> _DATASET RECORDS_:

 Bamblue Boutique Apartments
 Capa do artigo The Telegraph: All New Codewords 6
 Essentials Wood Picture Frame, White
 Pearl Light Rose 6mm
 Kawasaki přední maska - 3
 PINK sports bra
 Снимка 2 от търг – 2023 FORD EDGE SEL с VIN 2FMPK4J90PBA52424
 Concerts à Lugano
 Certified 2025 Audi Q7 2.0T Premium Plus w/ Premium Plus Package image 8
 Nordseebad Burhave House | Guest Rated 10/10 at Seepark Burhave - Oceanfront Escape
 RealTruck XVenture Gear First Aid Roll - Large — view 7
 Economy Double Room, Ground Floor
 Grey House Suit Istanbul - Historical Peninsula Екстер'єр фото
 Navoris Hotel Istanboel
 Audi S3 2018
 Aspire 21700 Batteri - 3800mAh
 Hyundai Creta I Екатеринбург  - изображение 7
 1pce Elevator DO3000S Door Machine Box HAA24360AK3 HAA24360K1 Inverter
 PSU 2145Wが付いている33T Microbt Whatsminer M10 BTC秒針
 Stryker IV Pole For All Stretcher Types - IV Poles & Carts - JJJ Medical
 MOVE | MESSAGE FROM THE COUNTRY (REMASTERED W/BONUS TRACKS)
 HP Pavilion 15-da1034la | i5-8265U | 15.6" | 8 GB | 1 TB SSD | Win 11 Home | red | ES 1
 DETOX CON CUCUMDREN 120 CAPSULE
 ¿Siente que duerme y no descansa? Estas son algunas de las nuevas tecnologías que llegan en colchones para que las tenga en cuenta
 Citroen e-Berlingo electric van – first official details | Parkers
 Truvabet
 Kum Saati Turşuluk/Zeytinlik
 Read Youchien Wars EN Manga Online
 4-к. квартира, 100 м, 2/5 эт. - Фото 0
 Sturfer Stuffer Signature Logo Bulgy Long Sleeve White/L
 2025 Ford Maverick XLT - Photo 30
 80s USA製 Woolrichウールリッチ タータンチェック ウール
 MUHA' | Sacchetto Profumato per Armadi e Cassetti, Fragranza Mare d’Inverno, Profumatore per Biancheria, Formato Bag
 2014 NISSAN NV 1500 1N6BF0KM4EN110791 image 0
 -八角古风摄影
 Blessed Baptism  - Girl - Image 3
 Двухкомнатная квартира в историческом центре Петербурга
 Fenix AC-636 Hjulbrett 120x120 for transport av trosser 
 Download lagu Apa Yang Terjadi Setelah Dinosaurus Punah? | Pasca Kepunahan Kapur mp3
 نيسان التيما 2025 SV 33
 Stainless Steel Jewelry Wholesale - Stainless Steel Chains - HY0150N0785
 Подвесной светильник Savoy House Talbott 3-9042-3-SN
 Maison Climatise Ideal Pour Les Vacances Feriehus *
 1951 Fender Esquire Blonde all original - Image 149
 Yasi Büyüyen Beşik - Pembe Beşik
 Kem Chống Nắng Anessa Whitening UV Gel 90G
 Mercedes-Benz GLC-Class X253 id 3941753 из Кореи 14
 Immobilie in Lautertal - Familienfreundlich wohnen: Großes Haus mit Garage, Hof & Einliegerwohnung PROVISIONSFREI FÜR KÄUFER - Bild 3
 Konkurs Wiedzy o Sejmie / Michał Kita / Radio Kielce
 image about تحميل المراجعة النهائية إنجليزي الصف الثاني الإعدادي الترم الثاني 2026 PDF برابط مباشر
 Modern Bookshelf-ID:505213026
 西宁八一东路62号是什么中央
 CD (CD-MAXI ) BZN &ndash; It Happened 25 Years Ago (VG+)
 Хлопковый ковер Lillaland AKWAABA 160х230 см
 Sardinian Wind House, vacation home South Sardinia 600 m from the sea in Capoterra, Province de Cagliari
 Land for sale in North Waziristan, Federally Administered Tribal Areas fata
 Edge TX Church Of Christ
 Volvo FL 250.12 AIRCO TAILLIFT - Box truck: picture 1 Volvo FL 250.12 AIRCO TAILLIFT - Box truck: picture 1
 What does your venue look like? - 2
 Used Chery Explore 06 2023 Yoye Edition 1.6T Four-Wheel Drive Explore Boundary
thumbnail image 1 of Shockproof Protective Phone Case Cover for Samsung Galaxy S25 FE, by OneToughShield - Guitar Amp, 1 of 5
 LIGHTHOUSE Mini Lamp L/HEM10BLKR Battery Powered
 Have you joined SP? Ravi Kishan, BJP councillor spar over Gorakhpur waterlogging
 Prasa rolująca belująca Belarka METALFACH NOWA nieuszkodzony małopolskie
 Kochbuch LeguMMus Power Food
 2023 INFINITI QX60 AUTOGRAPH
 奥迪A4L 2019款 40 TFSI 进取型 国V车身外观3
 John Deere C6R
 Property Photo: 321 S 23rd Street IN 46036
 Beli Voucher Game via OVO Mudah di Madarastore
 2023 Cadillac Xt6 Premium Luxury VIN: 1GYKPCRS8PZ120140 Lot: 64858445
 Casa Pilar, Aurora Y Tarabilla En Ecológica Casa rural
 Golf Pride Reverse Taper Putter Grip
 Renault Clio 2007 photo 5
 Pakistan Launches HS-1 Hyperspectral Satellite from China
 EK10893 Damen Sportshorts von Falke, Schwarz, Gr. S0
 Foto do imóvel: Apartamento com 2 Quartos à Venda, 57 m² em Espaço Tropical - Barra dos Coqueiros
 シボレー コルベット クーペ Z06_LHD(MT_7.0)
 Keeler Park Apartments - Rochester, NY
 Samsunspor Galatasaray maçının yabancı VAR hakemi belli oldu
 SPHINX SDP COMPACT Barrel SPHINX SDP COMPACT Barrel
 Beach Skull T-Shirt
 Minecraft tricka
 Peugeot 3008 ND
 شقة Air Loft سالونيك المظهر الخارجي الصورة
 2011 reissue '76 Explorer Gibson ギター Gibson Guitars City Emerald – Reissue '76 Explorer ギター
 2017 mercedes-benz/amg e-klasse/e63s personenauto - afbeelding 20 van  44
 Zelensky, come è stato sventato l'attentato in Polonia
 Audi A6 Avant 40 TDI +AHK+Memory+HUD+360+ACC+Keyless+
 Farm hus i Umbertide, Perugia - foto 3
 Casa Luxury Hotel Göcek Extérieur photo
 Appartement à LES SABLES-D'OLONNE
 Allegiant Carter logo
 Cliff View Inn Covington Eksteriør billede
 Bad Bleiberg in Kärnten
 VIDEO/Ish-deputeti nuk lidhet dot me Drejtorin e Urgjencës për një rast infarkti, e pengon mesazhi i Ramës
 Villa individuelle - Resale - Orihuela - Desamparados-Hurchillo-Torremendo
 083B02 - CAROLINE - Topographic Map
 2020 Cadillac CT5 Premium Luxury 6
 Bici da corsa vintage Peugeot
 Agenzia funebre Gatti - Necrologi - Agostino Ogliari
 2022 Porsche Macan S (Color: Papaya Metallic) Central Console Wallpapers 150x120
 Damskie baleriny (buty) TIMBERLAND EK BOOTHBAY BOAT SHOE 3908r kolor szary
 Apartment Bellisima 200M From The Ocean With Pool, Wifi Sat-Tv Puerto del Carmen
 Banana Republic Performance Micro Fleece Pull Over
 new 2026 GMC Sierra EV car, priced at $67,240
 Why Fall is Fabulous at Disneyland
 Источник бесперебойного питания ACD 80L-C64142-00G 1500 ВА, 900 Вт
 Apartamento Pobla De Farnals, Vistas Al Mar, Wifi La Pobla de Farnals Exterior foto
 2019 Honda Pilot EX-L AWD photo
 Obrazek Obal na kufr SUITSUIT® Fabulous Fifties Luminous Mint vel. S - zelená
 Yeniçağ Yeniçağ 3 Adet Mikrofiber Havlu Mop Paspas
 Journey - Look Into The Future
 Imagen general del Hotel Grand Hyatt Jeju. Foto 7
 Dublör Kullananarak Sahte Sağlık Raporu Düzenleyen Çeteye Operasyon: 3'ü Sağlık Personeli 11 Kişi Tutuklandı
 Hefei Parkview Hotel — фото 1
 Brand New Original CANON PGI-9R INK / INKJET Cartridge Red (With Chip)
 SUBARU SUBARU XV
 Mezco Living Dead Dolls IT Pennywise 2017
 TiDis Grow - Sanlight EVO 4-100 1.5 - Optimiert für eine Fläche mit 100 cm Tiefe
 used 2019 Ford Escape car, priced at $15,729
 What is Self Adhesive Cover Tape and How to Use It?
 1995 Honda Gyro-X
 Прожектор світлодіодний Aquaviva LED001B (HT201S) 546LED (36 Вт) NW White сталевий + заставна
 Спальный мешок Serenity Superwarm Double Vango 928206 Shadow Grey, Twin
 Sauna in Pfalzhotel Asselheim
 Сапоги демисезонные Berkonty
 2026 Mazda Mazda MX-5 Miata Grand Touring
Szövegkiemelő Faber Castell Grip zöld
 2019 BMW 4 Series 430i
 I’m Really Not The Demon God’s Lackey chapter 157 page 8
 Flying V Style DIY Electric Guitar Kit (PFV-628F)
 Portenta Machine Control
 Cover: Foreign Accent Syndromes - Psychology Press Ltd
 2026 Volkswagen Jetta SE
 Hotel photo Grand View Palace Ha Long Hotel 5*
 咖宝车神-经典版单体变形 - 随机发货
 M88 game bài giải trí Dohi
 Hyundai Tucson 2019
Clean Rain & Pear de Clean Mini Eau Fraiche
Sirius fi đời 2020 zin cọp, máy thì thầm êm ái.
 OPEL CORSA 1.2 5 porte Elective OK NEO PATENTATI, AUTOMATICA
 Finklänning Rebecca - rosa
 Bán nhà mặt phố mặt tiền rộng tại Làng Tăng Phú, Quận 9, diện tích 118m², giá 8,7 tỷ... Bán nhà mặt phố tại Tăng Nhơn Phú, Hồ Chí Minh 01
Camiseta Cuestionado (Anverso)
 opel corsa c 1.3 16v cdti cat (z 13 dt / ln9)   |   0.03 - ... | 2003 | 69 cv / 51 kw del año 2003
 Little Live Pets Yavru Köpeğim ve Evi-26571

> _WORK INSTRUCTION_: Copy range, inclusive: the line holding "Villa individuelle - Resale" to the line holding "Why Fall is Fabulous at Disneyland". Reproduce exactly those lines of the records above and no others.

> _ANSWER TO THE EXERCISE_:
 Villa individuelle - Resale - Orihuela - Desamparados-Hurchillo-Torremendo
 083B02 - CAROLINE - Topographic Map
 2020 Cadillac CT5 Premium Luxury 6
 Bici da corsa vintage Peugeot
 Agenzia funebre Gatti - Necrologi - Agostino Ogliari
 2022 Porsche Macan S (Color: Papaya Metallic) Central Console Wallpapers 150x120
 Damskie baleriny (buty) TIMBERLAND EK BOOTHBAY BOAT SHOE 3908r kolor szary
 Apartment Bellisima 200M From The Ocean With Pool, Wifi Sat-Tv Puerto del Carmen
 Banana Republic Performance Micro Fleece Pull Over
 new 2026 GMC Sierra EV car, priced at $67,240
 Why Fall is Fabulous at Disneyland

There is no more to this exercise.